▸ **Web page caption snippets**
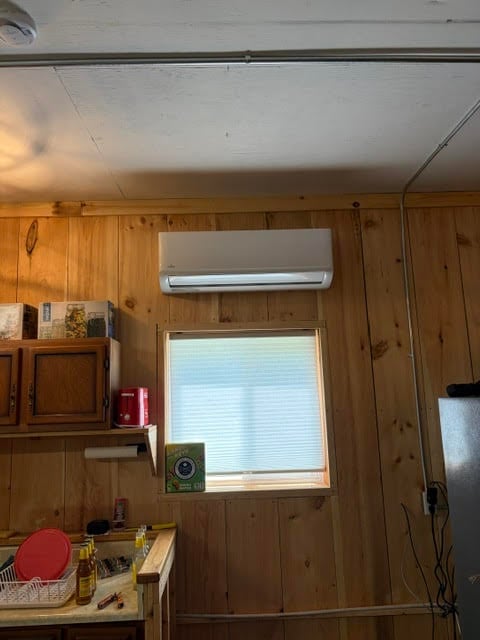Interior of wooden cabin with wall-mounted air conditioner above window, shelving, and kitchenette with various items
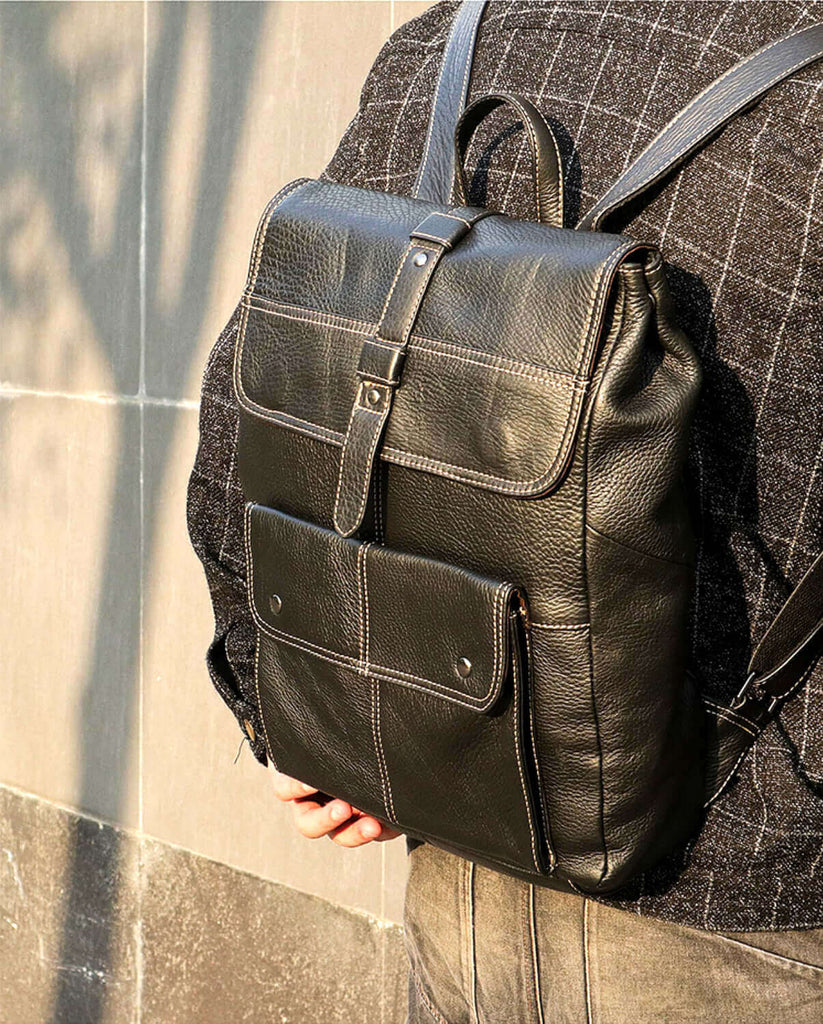 Black leather backpack with space for a 15.6-inch laptop.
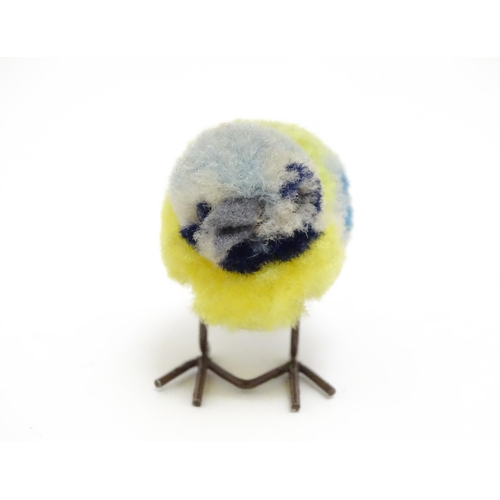 1451 - Toy: An early 20thC Steiff woollen model of a miniature blue tit bird, with felt tail and beak and w... 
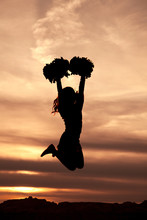 Cheerleader Silhouette Jumping In The Air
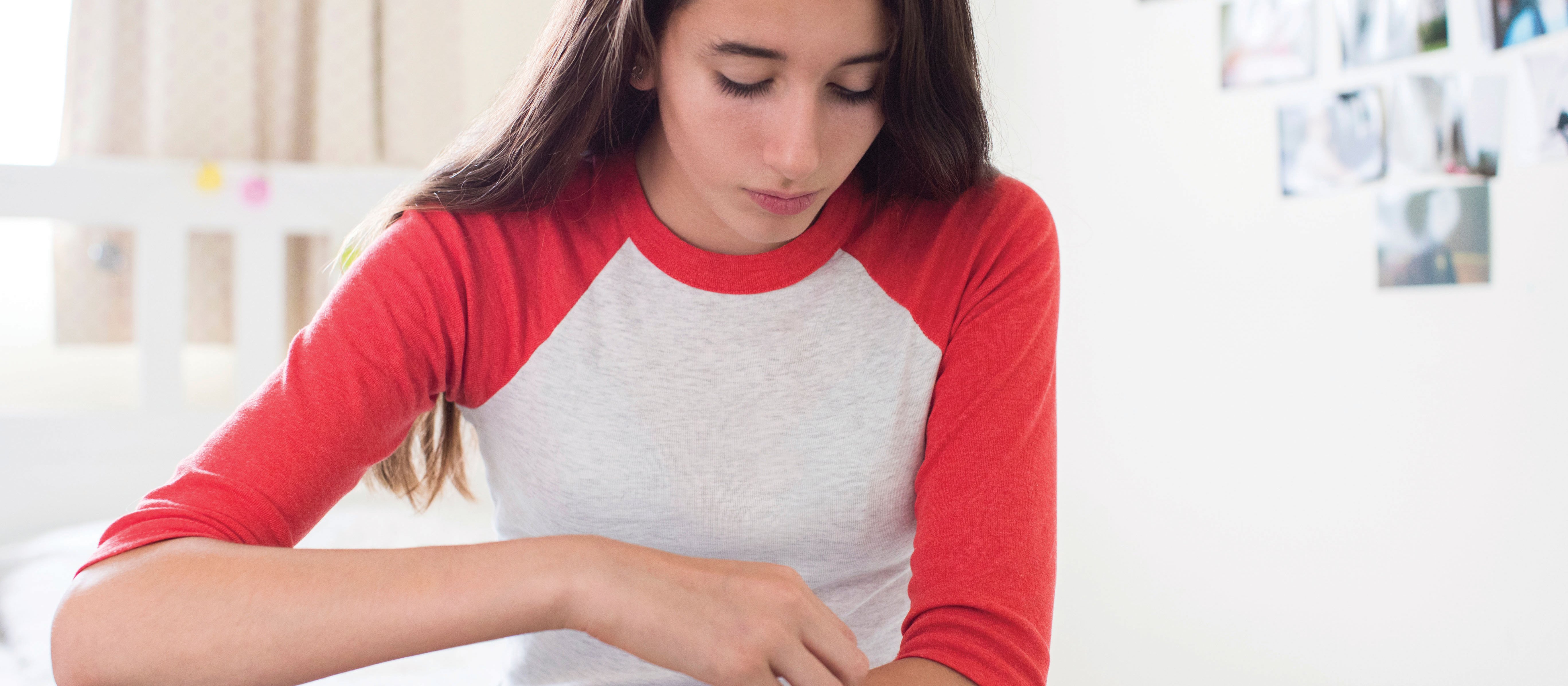 Young teen girl scratching arm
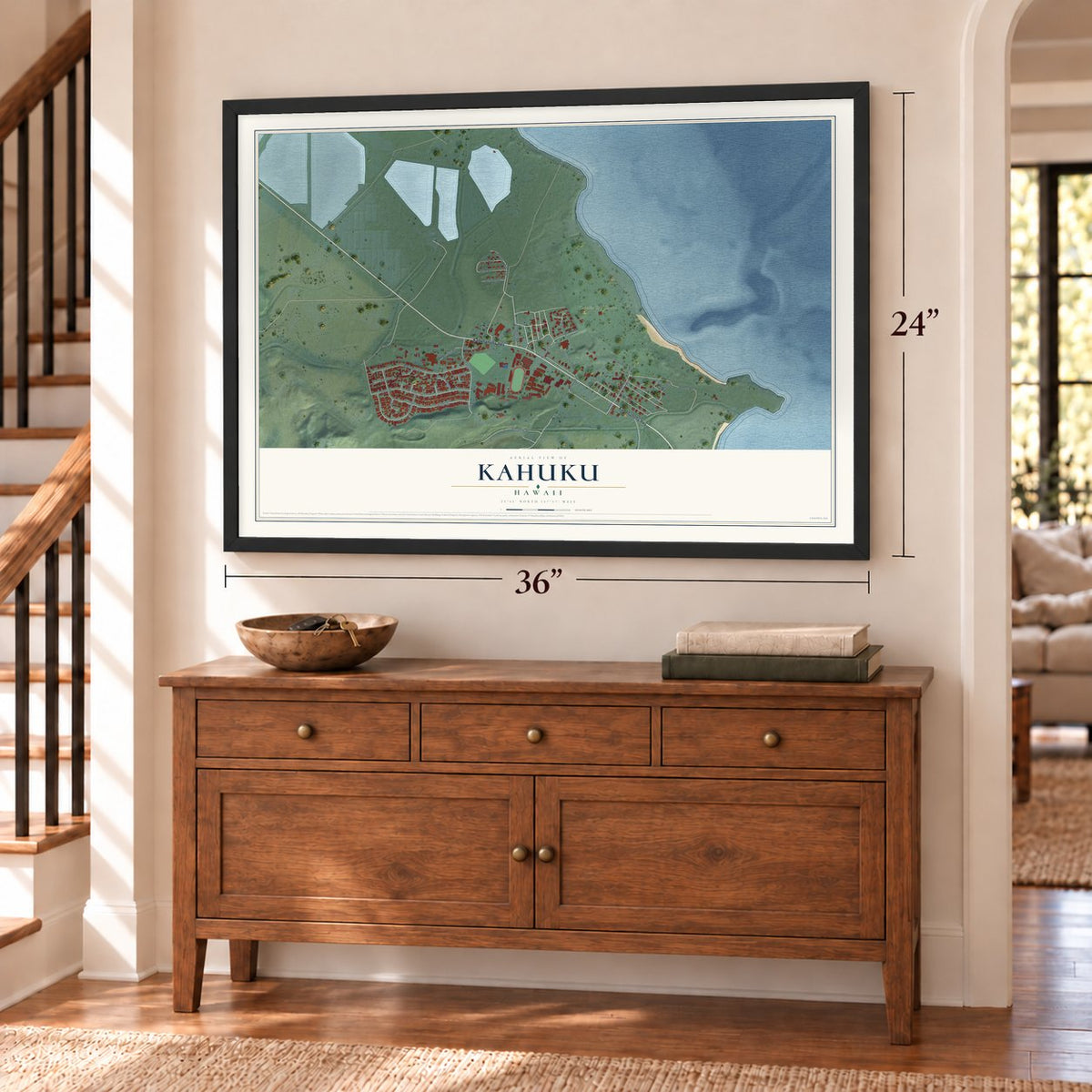 Kahuku, Hawaii map, 24 x 36 inch print in a black frame above a dresser by a staircase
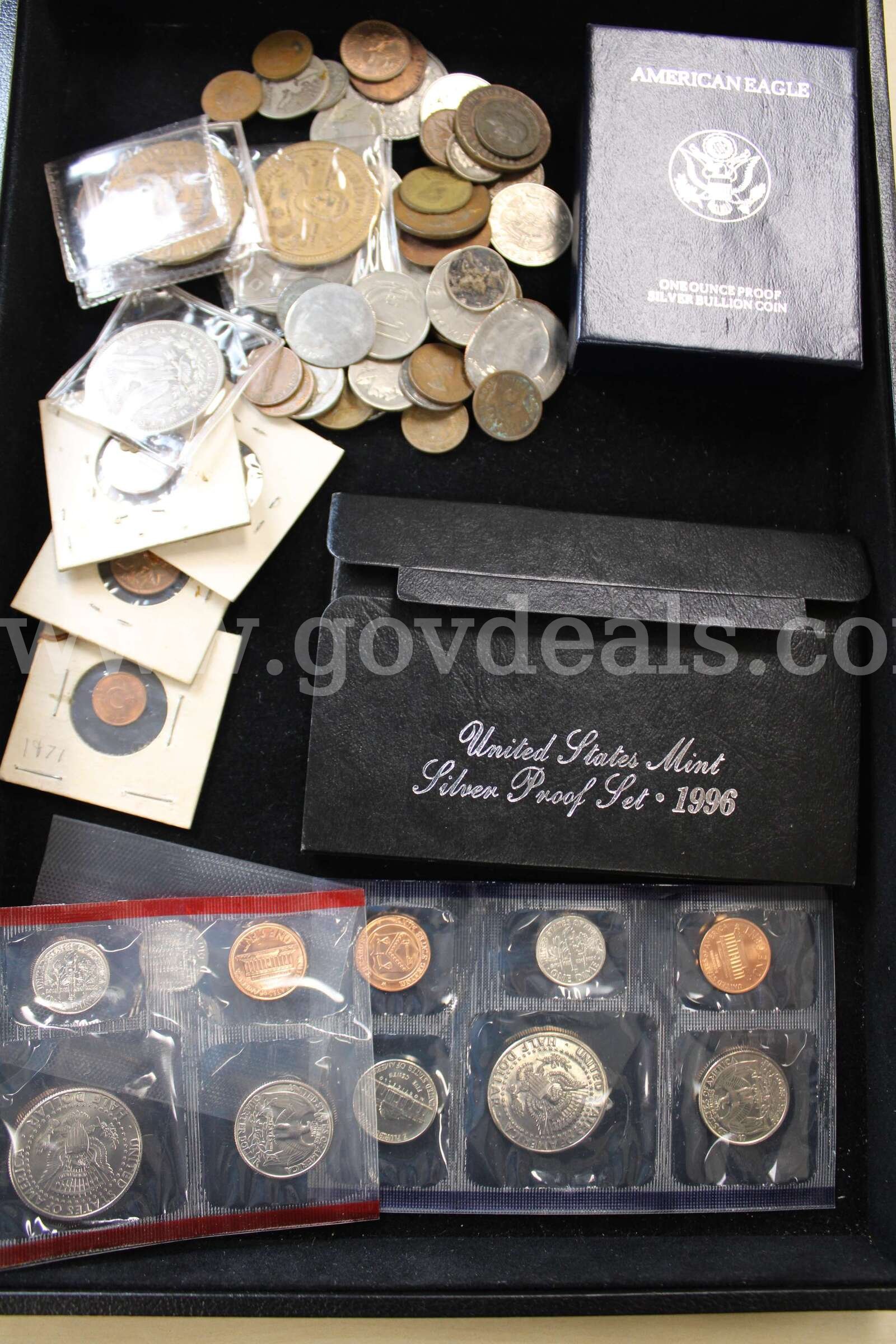 $1 COIN (2); COIN SET (3); NICKEL (3); PENNY (4); DIME (3); FOREIGN, COINS (27)   Government Surplus Auction - Primary Photo
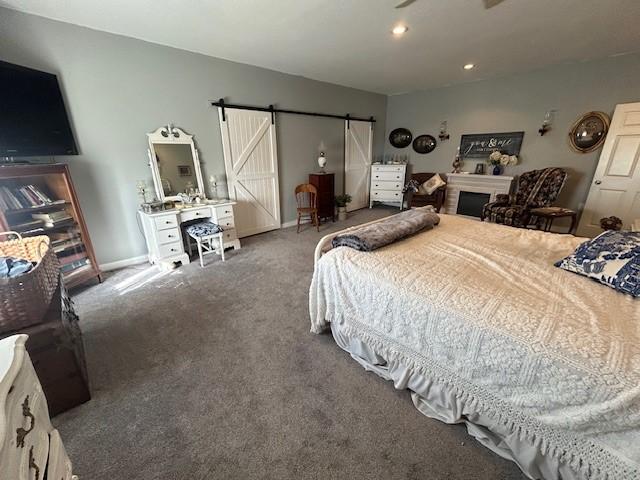 bedroom featuring carpet floors, recessed lighting, baseboards, and a barn door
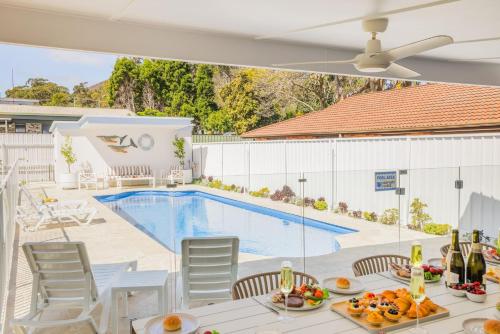 a patio with a pool and a table with food on it at Shoal Shack 72, 72 Tomaree Rd - Pool, Pet Friendly, Wi-Fi, Air Con, Linen in Shoal Bay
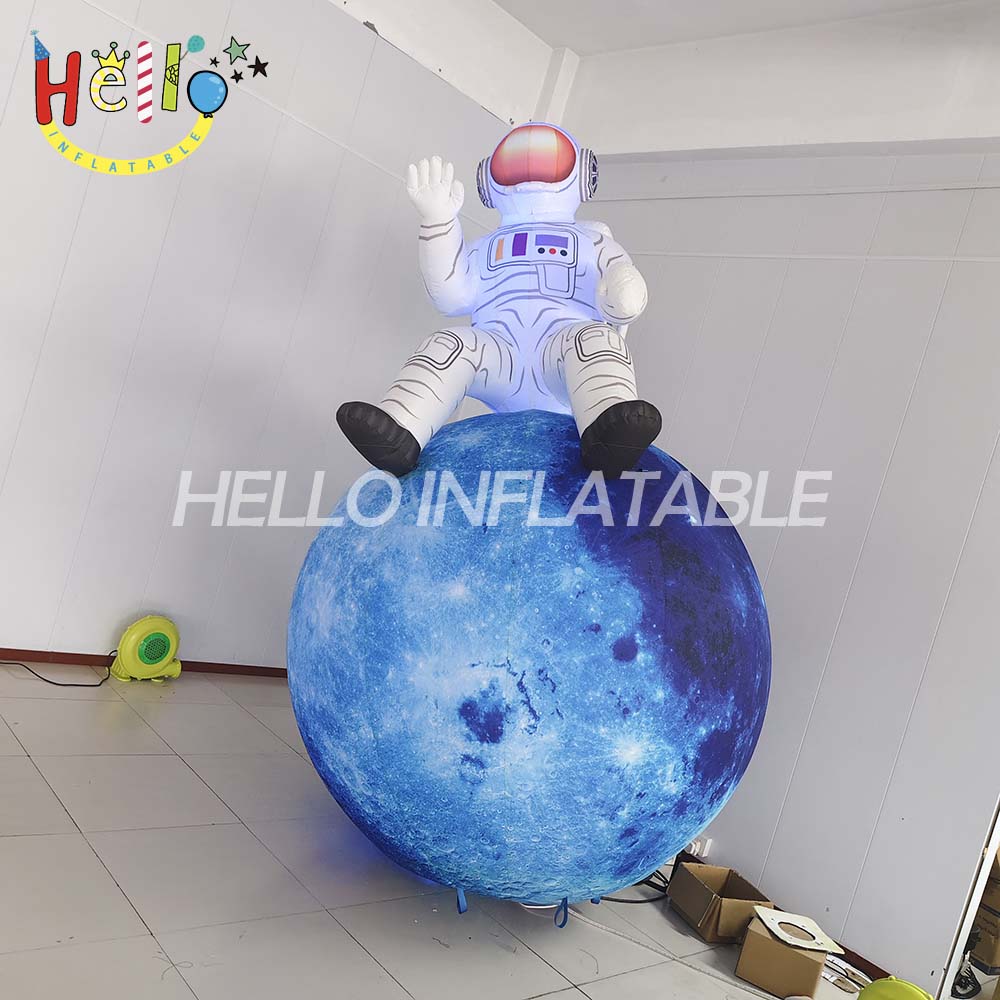 Customized Cartoon Astronaut Inflatable Design Advertising Inflatables Featuring an Astronaut Sitting on a Planet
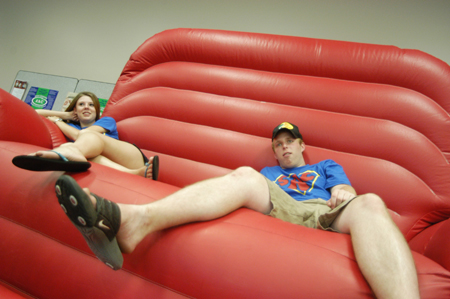 SAC members Emily Scheibe & Nick Moser chill on the large inflatable couch during Fall Fest '04. - Photo by Jonathan Blair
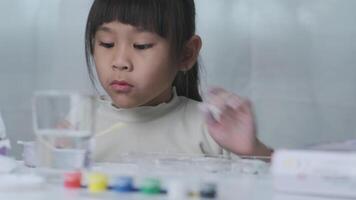 linda pequeño niña haciendo bricolaje yeso y pintura a hogar. niños pintar en yeso esculturas con familia en día festivo. imaginación y creatividad actividades. video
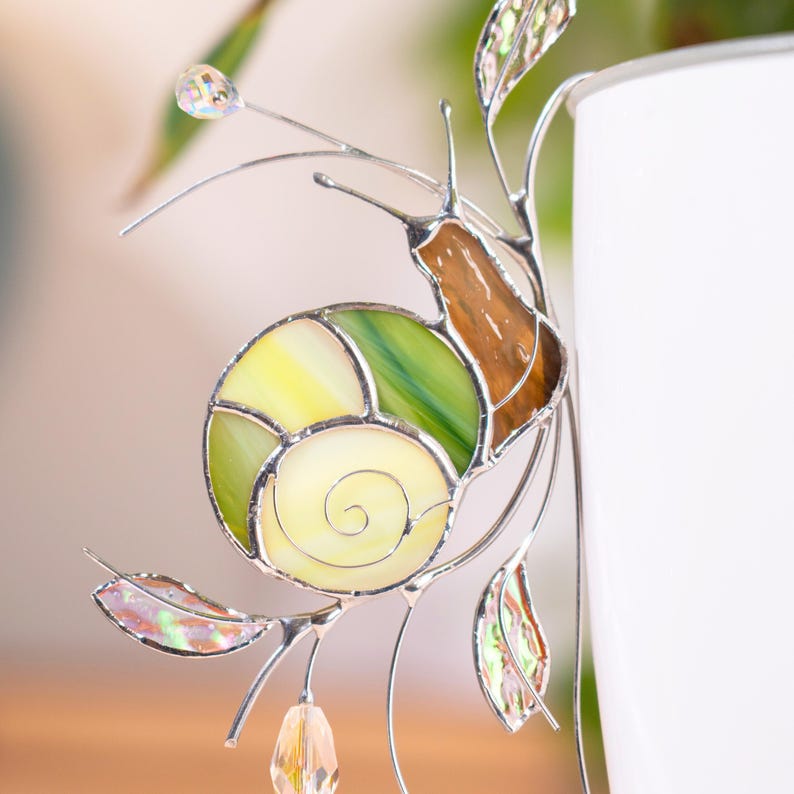 Close up of stained glass snail plant decor showing detailed green spiral shell and iridescent leaves. Crystal drops catch light, highlighting handcrafted glasswork.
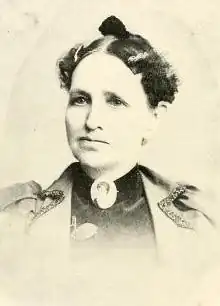 A younger white woman, wearing a portrait brooch at her throat.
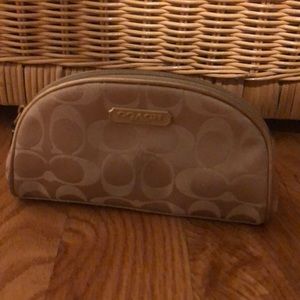 Gold coach makeup bag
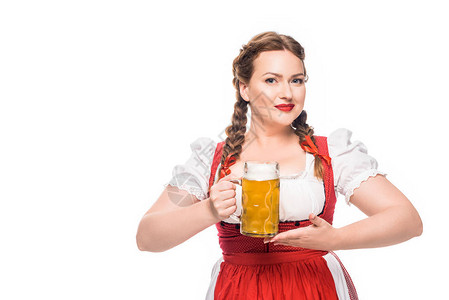 穿着传统的巴伐利亚传统服装的有吸引力的奥托式女服务员图片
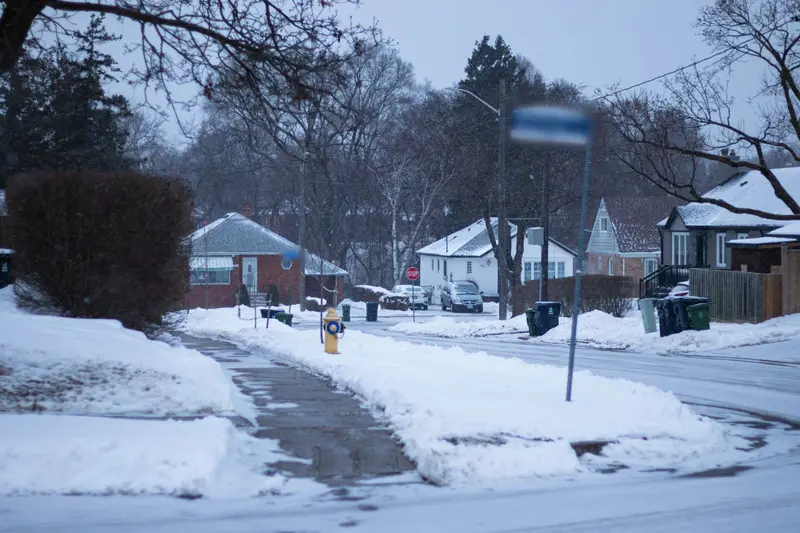 Residential street after a snowfall, with snow piled along the sidewalks and bungalows beyond.
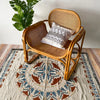 A woven wooden chair with a cushion sits on a patterned rug, next to a green plant.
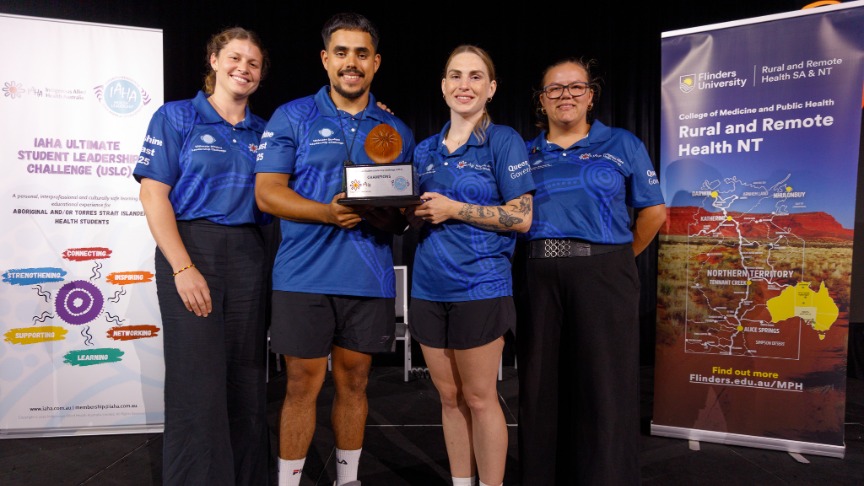 Indigenous allied health students hold trophy on stage.
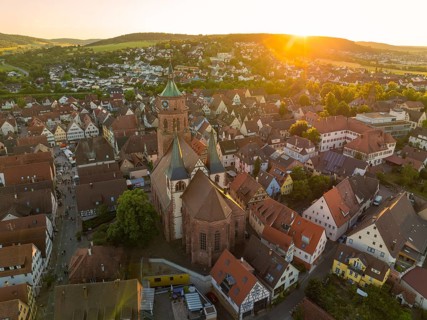 A bird's eye view of the evening cityscape with church at sunset, 950 years Weil der Stadt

▸ **Exercise requirements**
Please retype only the lines from the line that holds "A younger white" through the end of the records, exactly as they stand, and drop every picture.

▸ **Result of the exercise**
 A younger white woman, wearing a portrait brooch at her throat.
 Gold coach makeup bag
 穿着传统的巴伐利亚传统服装的有吸引力的奥托式女服务员图片
 Residential street after a snowfall, with snow piled along the sidewalks and bungalows beyond.
 A woven wooden chair with a cushion sits on a patterned rug, next to a green plant.
 Indigenous allied health students hold trophy on stage.
 A bird's eye view of the evening cityscape with church at sunset, 950 years Weil der Stadt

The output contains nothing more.